__DATA FOR THIS EXERCISE__:
____________________

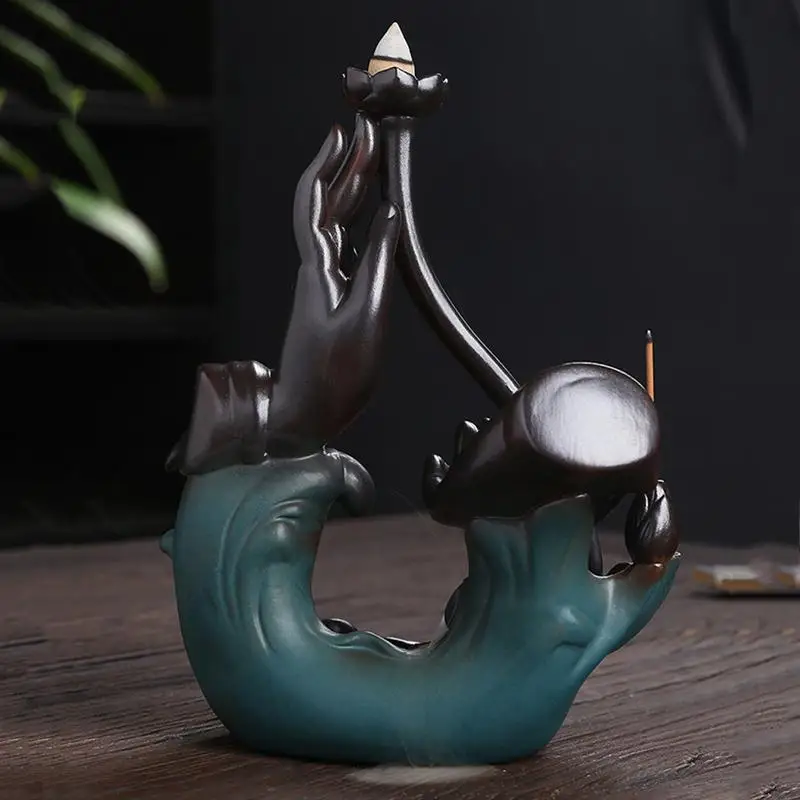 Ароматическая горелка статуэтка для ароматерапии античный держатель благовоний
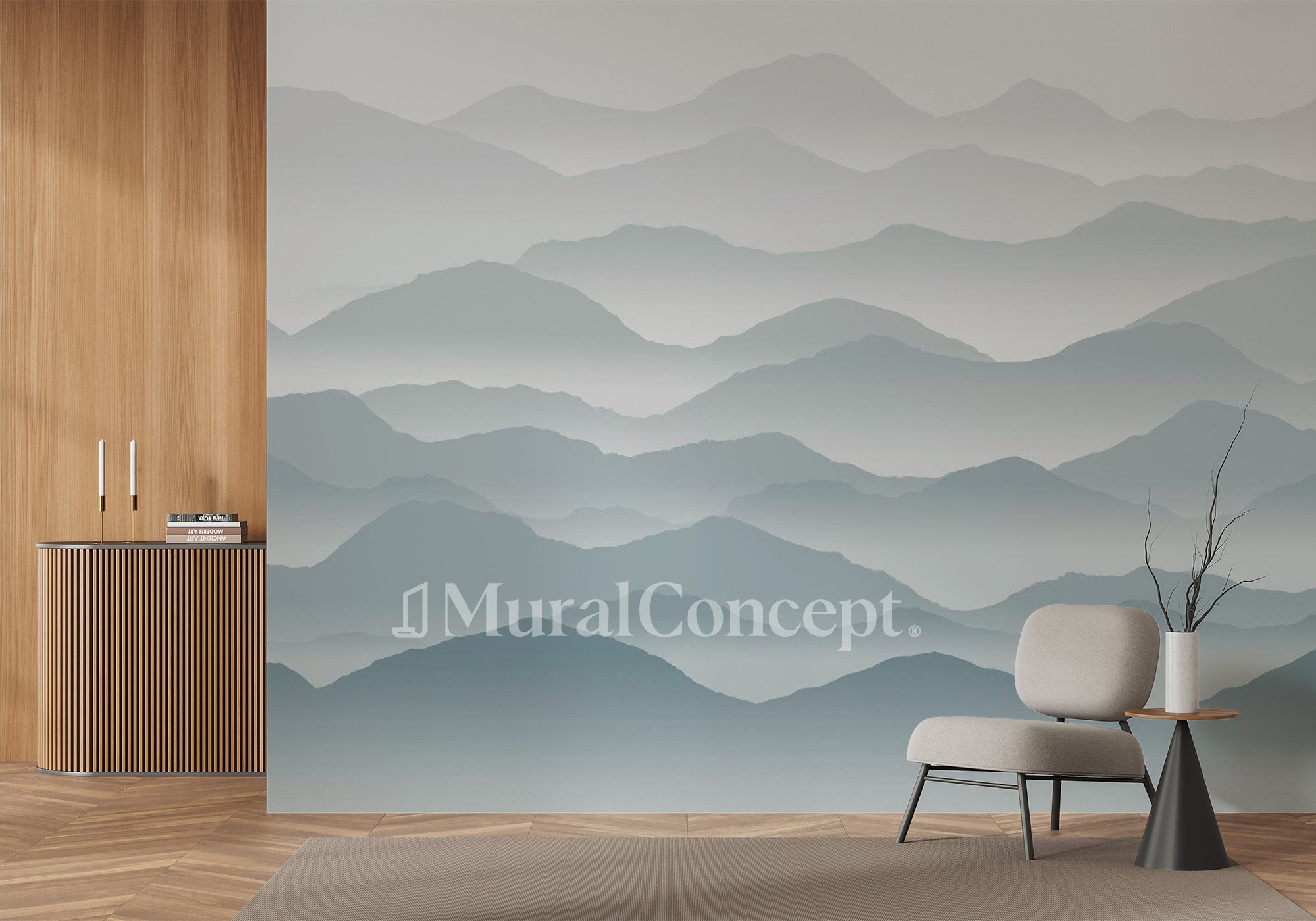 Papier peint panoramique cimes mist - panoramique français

____________________

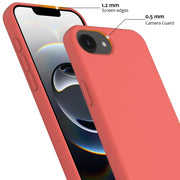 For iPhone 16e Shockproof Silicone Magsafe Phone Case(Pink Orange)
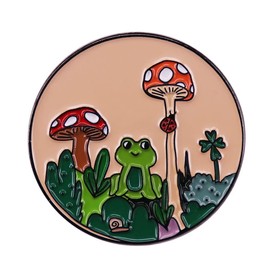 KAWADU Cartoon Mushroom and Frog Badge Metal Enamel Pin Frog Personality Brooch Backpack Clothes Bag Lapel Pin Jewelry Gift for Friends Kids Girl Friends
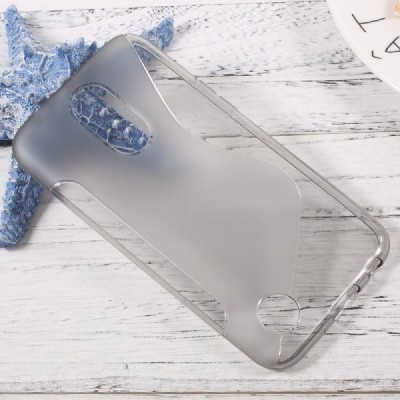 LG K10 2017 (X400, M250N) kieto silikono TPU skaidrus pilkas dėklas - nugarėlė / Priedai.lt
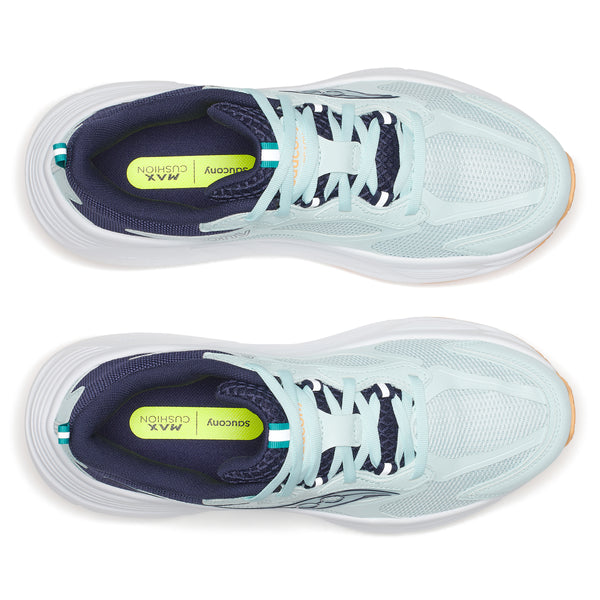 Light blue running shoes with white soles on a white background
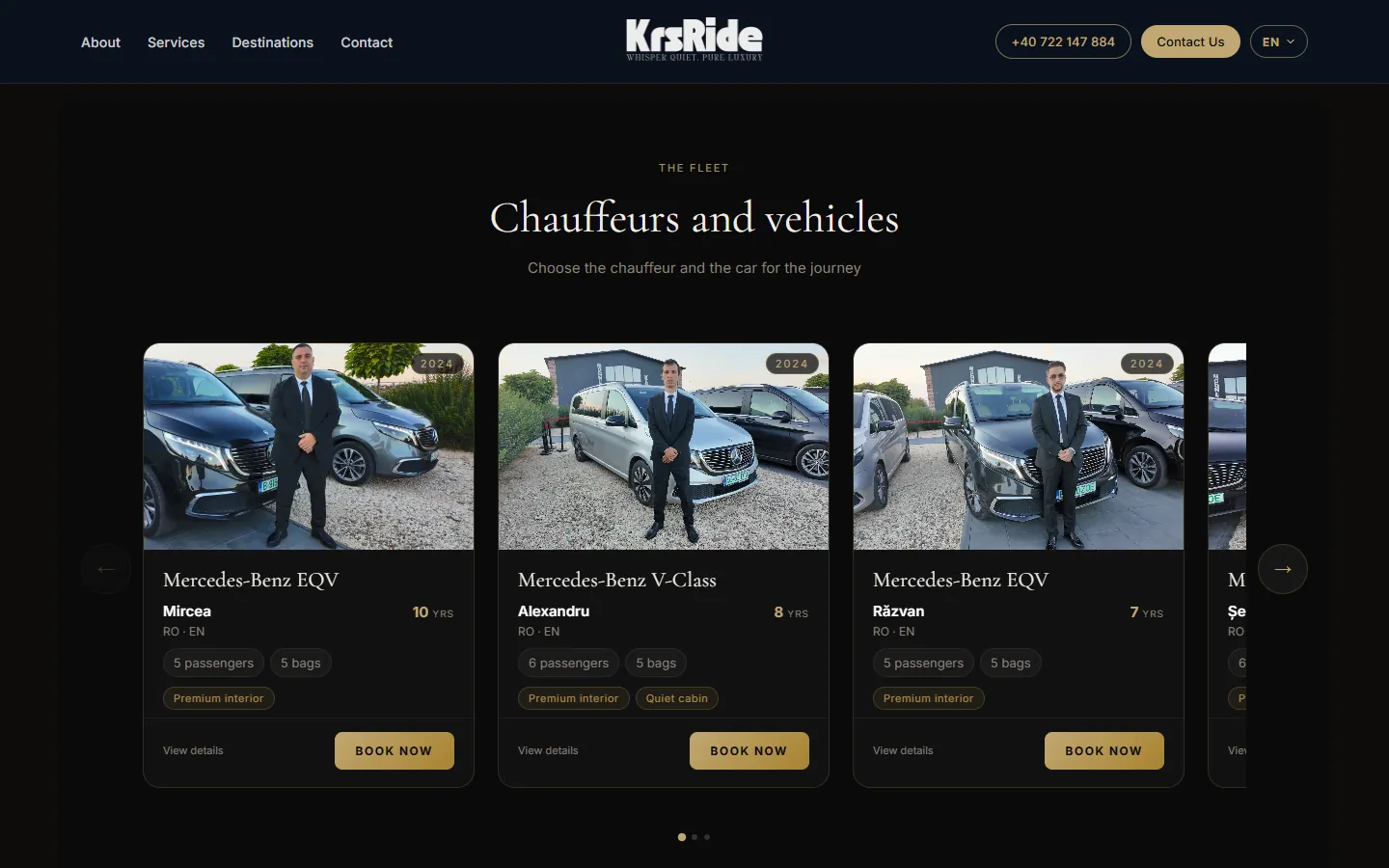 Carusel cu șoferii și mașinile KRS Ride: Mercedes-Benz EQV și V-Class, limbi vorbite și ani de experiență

____________________

Transcribe, exactly and without pictures, everything in the data from the line with "KAWADU Cartoon Mushroom" down to the line with "LG K10 2017", both included.

__RESULT OF THE EXERCISE__:
 KAWADU Cartoon Mushroom and Frog Badge Metal Enamel Pin Frog Personality Brooch Backpack Clothes Bag Lapel Pin Jewelry Gift for Friends Kids Girl Friends
 LG K10 2017 (X400, M250N) kieto silikono TPU skaidrus pilkas dėklas - nugarėlė / Priedai.lt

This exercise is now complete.